▶ [TASK REQUIREMENTS] Below are the records; give again exactly the lines from the one containing "1642 Anamor Street" through the one containing "A close-up shot", leaving out pictures.

▶ [AVAILABLE RECORDS]

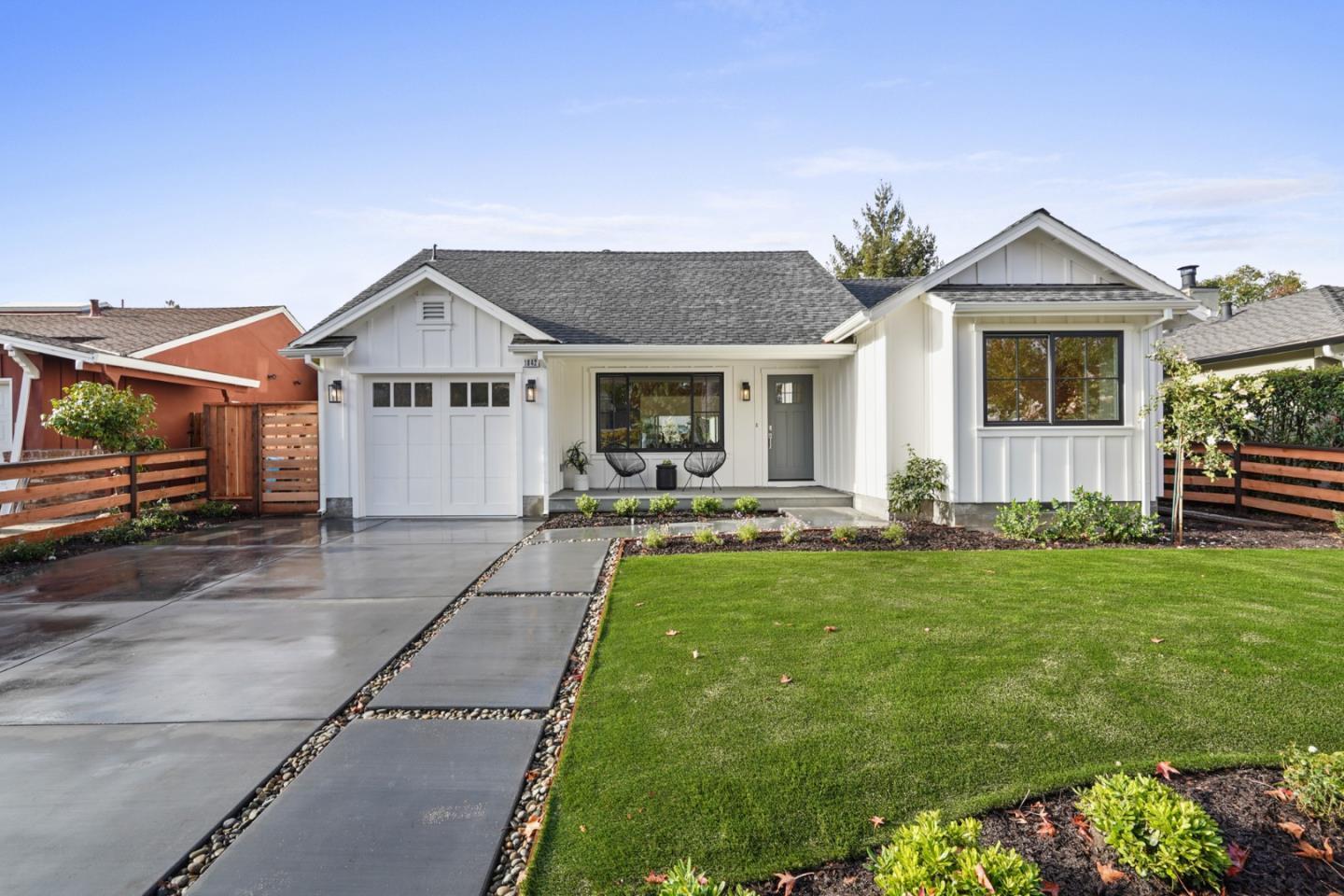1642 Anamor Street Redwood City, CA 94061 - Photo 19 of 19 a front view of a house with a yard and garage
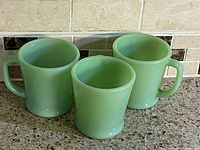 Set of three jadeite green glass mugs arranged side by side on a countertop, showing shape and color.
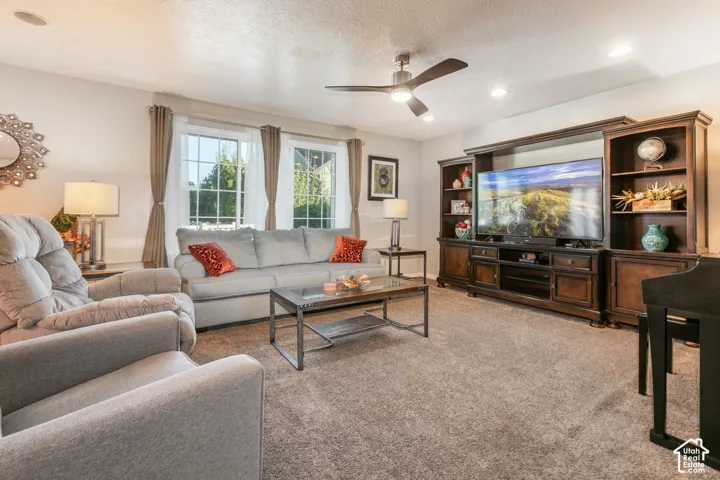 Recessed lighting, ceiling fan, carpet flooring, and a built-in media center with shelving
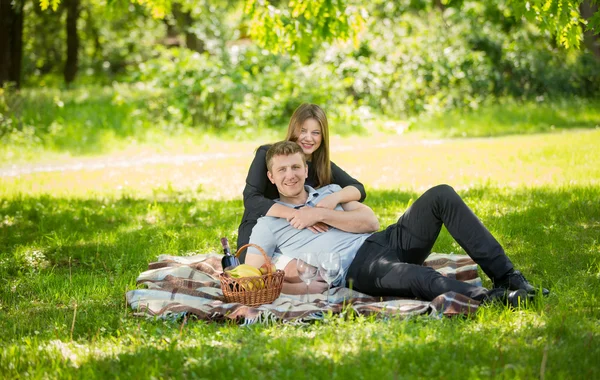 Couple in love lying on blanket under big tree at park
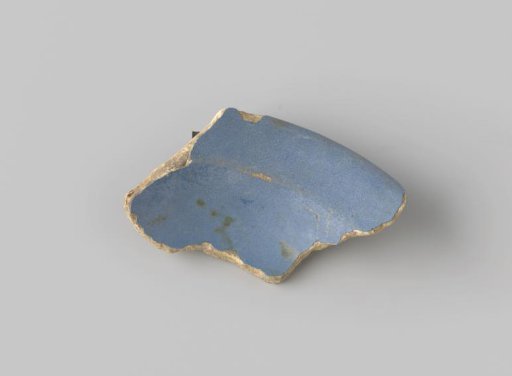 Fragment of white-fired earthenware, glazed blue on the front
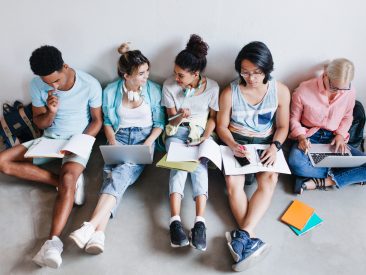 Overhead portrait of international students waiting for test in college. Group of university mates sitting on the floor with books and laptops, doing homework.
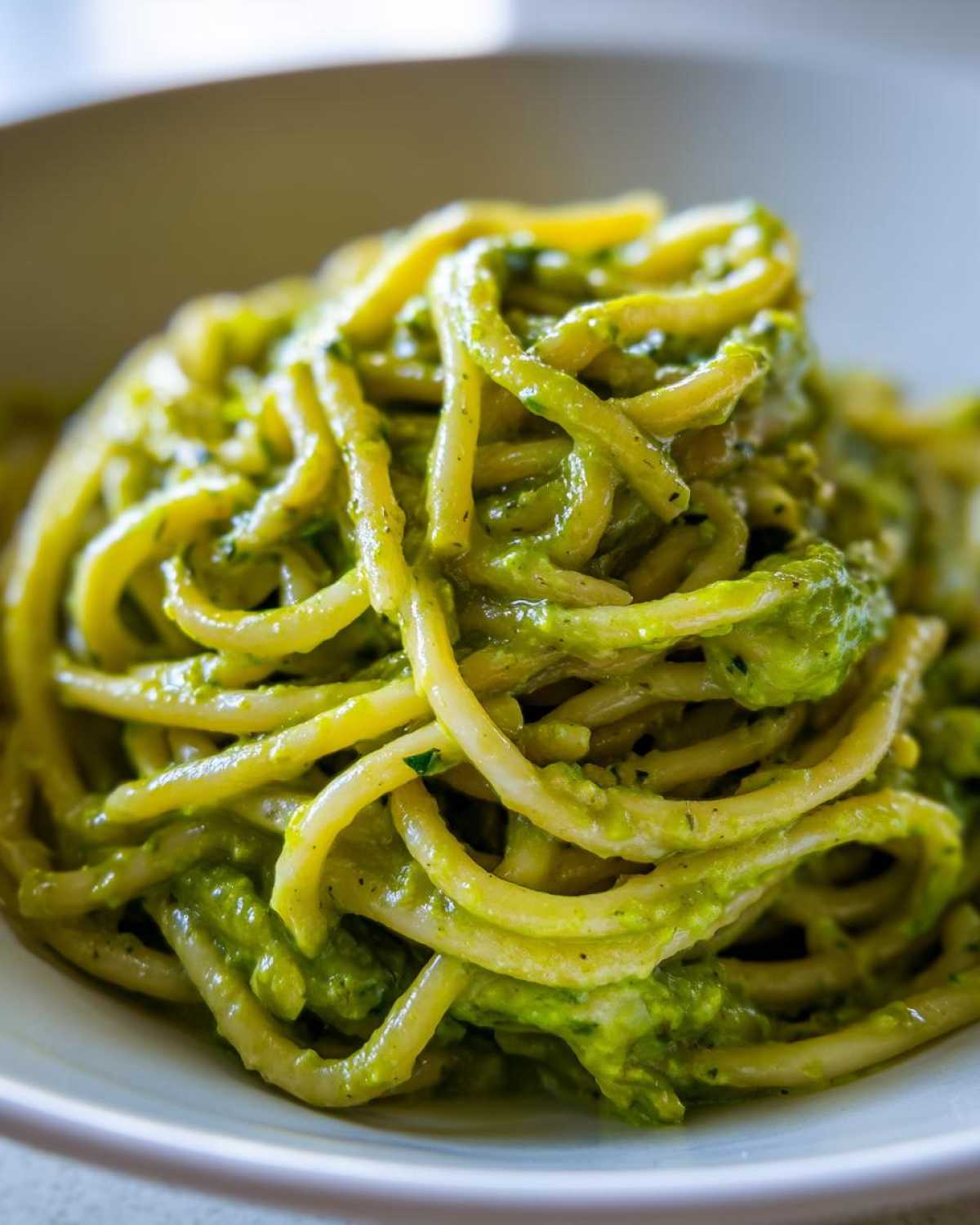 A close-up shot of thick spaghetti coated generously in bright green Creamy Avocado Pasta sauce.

---

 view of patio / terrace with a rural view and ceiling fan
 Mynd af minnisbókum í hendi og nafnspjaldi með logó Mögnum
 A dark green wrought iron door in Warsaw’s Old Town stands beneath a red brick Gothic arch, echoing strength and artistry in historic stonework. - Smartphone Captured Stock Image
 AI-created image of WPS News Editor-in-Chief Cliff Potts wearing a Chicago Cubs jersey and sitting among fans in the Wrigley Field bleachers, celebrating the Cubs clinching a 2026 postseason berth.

▶ [SOLUTION]
1642 Anamor Street Redwood City, CA 94061 - Photo 19 of 19 a front view of a house with a yard and garage
 Set of three jadeite green glass mugs arranged side by side on a countertop, showing shape and color.
 Recessed lighting, ceiling fan, carpet flooring, and a built-in media center with shelving
 Couple in love lying on blanket under big tree at park
 Fragment of white-fired earthenware, glazed blue on the front
 Overhead portrait of international students waiting for test in college. Group of university mates sitting on the floor with books and laptops, doing homework.
 A close-up shot of thick spaghetti coated generously in bright green Creamy Avocado Pasta sauce.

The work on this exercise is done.